**What to do:** Each line below should be set down again unchanged.

Crawled caption data
****************************************

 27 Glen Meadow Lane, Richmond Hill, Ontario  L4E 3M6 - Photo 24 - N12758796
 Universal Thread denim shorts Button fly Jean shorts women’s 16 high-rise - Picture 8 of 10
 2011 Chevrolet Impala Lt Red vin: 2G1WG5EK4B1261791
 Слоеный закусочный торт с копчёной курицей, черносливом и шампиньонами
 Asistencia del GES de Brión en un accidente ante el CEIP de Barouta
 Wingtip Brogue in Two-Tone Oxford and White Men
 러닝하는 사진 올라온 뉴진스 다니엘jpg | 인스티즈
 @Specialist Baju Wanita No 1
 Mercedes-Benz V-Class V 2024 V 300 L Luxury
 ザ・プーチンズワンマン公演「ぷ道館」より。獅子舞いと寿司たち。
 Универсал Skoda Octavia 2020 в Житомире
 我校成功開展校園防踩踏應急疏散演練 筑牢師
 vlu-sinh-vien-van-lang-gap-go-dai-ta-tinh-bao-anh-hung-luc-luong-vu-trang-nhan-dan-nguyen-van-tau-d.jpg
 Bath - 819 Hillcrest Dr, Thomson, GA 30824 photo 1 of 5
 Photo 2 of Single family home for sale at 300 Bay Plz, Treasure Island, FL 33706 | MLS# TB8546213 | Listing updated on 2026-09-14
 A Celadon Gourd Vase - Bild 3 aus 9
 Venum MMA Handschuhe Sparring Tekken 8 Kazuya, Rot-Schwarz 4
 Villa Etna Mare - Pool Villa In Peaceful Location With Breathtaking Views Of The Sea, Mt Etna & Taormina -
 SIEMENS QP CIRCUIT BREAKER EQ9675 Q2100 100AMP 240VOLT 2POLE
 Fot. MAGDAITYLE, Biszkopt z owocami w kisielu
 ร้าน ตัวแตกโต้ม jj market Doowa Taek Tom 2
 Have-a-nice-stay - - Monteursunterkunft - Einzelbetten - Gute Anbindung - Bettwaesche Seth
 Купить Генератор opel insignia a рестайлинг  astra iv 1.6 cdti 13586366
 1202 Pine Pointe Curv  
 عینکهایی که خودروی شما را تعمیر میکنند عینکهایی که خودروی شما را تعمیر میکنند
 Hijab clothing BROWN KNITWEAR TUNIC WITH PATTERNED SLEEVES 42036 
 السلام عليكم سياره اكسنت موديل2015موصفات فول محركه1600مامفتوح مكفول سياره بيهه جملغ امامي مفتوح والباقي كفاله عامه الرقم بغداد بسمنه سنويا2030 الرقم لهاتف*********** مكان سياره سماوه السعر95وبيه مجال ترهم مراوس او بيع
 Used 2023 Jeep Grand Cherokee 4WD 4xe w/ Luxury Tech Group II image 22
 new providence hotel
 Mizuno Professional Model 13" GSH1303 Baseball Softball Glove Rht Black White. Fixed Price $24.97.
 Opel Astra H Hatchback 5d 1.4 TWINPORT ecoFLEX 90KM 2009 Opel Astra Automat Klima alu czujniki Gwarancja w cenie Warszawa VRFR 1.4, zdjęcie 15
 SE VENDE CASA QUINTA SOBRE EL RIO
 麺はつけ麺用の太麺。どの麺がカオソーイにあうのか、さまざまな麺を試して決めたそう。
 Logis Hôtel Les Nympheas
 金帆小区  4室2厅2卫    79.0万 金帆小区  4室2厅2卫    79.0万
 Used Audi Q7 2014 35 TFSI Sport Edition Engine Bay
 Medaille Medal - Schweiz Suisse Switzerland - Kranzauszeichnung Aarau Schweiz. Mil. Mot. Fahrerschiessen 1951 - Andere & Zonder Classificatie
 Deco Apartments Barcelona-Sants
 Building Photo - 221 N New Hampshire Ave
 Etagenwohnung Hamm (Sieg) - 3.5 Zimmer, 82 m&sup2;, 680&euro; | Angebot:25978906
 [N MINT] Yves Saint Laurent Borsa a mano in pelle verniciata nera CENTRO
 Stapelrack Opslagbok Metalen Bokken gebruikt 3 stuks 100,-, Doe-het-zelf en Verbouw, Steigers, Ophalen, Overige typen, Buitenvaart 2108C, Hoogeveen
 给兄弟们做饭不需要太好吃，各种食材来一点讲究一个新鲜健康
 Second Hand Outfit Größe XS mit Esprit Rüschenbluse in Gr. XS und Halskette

****************************************

**Task solution:**
 27 Glen Meadow Lane, Richmond Hill, Ontario  L4E 3M6 - Photo 24 - N12758796
 Universal Thread denim shorts Button fly Jean shorts women’s 16 high-rise - Picture 8 of 10
 2011 Chevrolet Impala Lt Red vin: 2G1WG5EK4B1261791
 Слоеный закусочный торт с копчёной курицей, черносливом и шампиньонами
 Asistencia del GES de Brión en un accidente ante el CEIP de Barouta
 Wingtip Brogue in Two-Tone Oxford and White Men
 러닝하는 사진 올라온 뉴진스 다니엘jpg | 인스티즈
 @Specialist Baju Wanita No 1
 Mercedes-Benz V-Class V 2024 V 300 L Luxury
 ザ・プーチンズワンマン公演「ぷ道館」より。獅子舞いと寿司たち。
 Универсал Skoda Octavia 2020 в Житомире
 我校成功開展校園防踩踏應急疏散演練 筑牢師
 vlu-sinh-vien-van-lang-gap-go-dai-ta-tinh-bao-anh-hung-luc-luong-vu-trang-nhan-dan-nguyen-van-tau-d.jpg
 Bath - 819 Hillcrest Dr, Thomson, GA 30824 photo 1 of 5
 Photo 2 of Single family home for sale at 300 Bay Plz, Treasure Island, FL 33706 | MLS# TB8546213 | Listing updated on 2026-09-14
 A Celadon Gourd Vase - Bild 3 aus 9
 Venum MMA Handschuhe Sparring Tekken 8 Kazuya, Rot-Schwarz 4
 Villa Etna Mare - Pool Villa In Peaceful Location With Breathtaking Views Of The Sea, Mt Etna & Taormina -
 SIEMENS QP CIRCUIT BREAKER EQ9675 Q2100 100AMP 240VOLT 2POLE
 Fot. MAGDAITYLE, Biszkopt z owocami w kisielu
 ร้าน ตัวแตกโต้ม jj market Doowa Taek Tom 2
 Have-a-nice-stay - - Monteursunterkunft - Einzelbetten - Gute Anbindung - Bettwaesche Seth
 Купить Генератор opel insignia a рестайлинг  astra iv 1.6 cdti 13586366
 1202 Pine Pointe Curv  
 عینکهایی که خودروی شما را تعمیر میکنند عینکهایی که خودروی شما را تعمیر میکنند
 Hijab clothing BROWN KNITWEAR TUNIC WITH PATTERNED SLEEVES 42036 
 السلام عليكم سياره اكسنت موديل2015موصفات فول محركه1600مامفتوح مكفول سياره بيهه جملغ امامي مفتوح والباقي كفاله عامه الرقم بغداد بسمنه سنويا2030 الرقم لهاتف*********** مكان سياره سماوه السعر95وبيه مجال ترهم مراوس او بيع
 Used 2023 Jeep Grand Cherokee 4WD 4xe w/ Luxury Tech Group II image 22
 new providence hotel
 Mizuno Professional Model 13" GSH1303 Baseball Softball Glove Rht Black White. Fixed Price $24.97.
 Opel Astra H Hatchback 5d 1.4 TWINPORT ecoFLEX 90KM 2009 Opel Astra Automat Klima alu czujniki Gwarancja w cenie Warszawa VRFR 1.4, zdjęcie 15
 SE VENDE CASA QUINTA SOBRE EL RIO
 麺はつけ麺用の太麺。どの麺がカオソーイにあうのか、さまざまな麺を試して決めたそう。
 Logis Hôtel Les Nympheas
 金帆小区  4室2厅2卫    79.0万 金帆小区  4室2厅2卫    79.0万
 Used Audi Q7 2014 35 TFSI Sport Edition Engine Bay
 Medaille Medal - Schweiz Suisse Switzerland - Kranzauszeichnung Aarau Schweiz. Mil. Mot. Fahrerschiessen 1951 - Andere & Zonder Classificatie
 Deco Apartments Barcelona-Sants
 Building Photo - 221 N New Hampshire Ave
 Etagenwohnung Hamm (Sieg) - 3.5 Zimmer, 82 m&sup2;, 680&euro; | Angebot:25978906
 [N MINT] Yves Saint Laurent Borsa a mano in pelle verniciata nera CENTRO
 Stapelrack Opslagbok Metalen Bokken gebruikt 3 stuks 100,-, Doe-het-zelf en Verbouw, Steigers, Ophalen, Overige typen, Buitenvaart 2108C, Hoogeveen
 给兄弟们做饭不需要太好吃，各种食材来一点讲究一个新鲜健康
 Second Hand Outfit Größe XS mit Esprit Rüschenbluse in Gr. XS und Halskette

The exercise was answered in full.